El novelista trabaja esencialmente con un instrumento que es la ironía, así creó la novela Cervantes. Don Quijote está loco y no está loco, Don Quijote es ridículo y heroico. Es el “rey de los hidalgos, señor de los tristes”, como dice Rubén Darío en un poema maravilloso. El novelista es contradicción, ambigüedad y paradoja; nunca dice ni sí ni no. No puede tomar partido, siempre debe de ser equidistante y ponerse en la piel de todos sus personajes, como hace Shakespeare: nadie sabe cuáles eran las opiniones de Shakespeare, porque él era todos sus personajes.
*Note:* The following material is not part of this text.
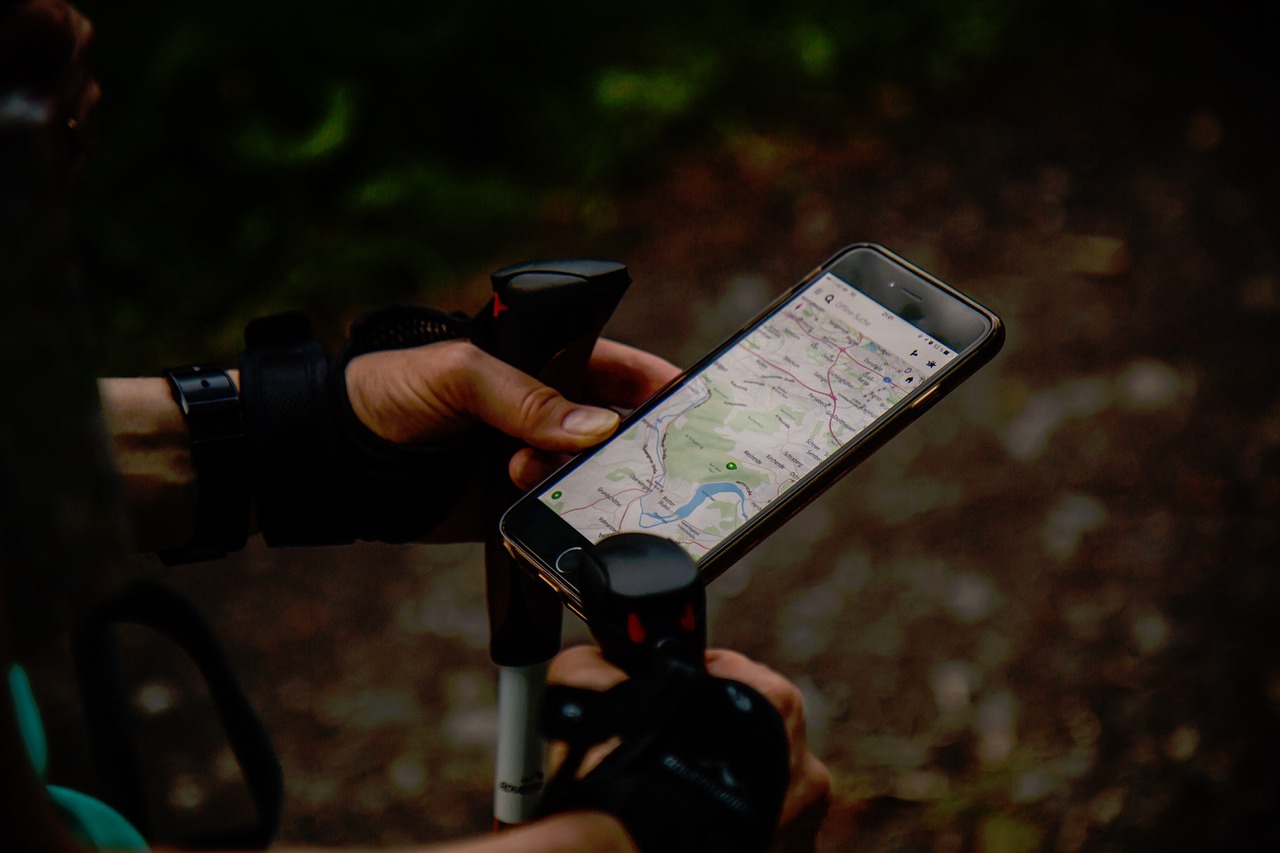 登山用ストックを握りながらスマートフォンの地図アプリを確認する登山者の手元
Yo tengo que desaparecer como el dios de Flaubert que está en todas partes, pero no se le ve en ninguna. Yo no quiero que el lector sepa cuál es mi opinión leyendo mis libros. En cambio, el articulista sí debe responder francamente. Aunque el intelectual, el articulista, el ciudadano puede por supuesto trabajar con la ironía y los matices, tarde o temprano tiene que tomar partido, tiene que decir sí o no. Si te quedas en la zona de ambigüedad, en la zona de los tibios de Dante, te conviertes en cómplice de los verdugos, del crimen o de la injusticia.
Entonces, esos dos personajes son contradictorios pero deben estar permanentemente viviendo una batalla despiadada entre ambos en el interior. Ninguno de los dos debe vencer, porque si vence el ciudadano, las novelas del novelista se convierten en ilustraciones de sus ideas, en propaganda o pedagogía. Así deja de ser útil y deja de ser verdadera literatura. El novelista tampoco debe vencer al ciudadano, porque entonces el intelectual se queda en tierra de nadie y puede convertirse en un tibio. Esa batalla es buena, porque ambos se ponen en cuestión recíprocamente, mutuamente se retroalimentan y se vuelven más fuertes. El novelista debe cuestionar las certezas del ciudadano. Al menos creo que así funciona en mi caso.